On retrouve dans cette quinzaine de textes des réflexions sur la démocratie dans l'Empire romain et de subtiles analyses sur le temps de l'histoire et l'éternité des dieux. Et toujours, à la lecture, le sentiment de quelque chose qui pétille, sans jamais être pédant ou hors de portée. "On peut avoir une tête vide derrière un front ravagé par la métaphysique." Il cite encore Jankélévitch pour écarter ces philosophes qui installent des concepts comme des barrières infranchissables.

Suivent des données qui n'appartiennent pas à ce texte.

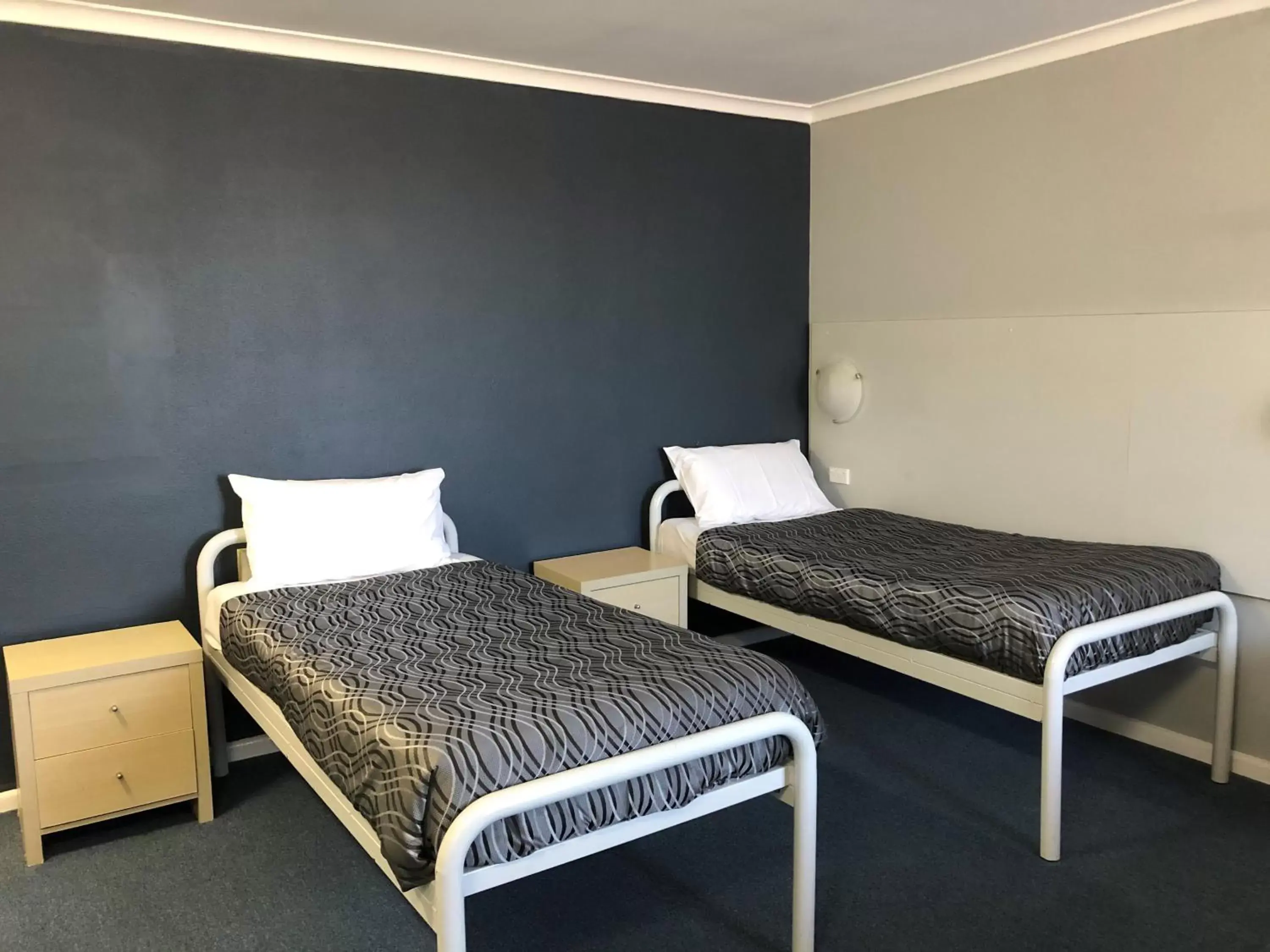 Bed in Flinders Motel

Voilà pourquoi ces savoureux inédits n'apparaissent pas comme des fonds de tiroir, mais plutôt comme des dessus de bureau, presque prêts à la publication. On devrait distribuer sa belle conférence de réception à l'Académie d'Athènes à tous les députés européens pour qu'ils prennent conscience que nous devons plus à la Grèce qu'elle ne nous doit... Mais, comme le dit si justement le sage Jerphagnon, "les mots vieillissent avec les civilisations". Alors oui, on saisit dans ces proses toute l'agilité de l'historien de la philosophie, l'éditeur de saint Augustin dans la "Pléiade", l'auteur d'une admirable Histoire de la Rome antique (Tallandier, 2011) et d'un recueil de citations sur la sottise (Albin Michel, 2010). "Il me semble entendre ta voix", confie sa femme, Thérèse, dans une émouvante préface. Sa voix, certes, et sa culture espiègle.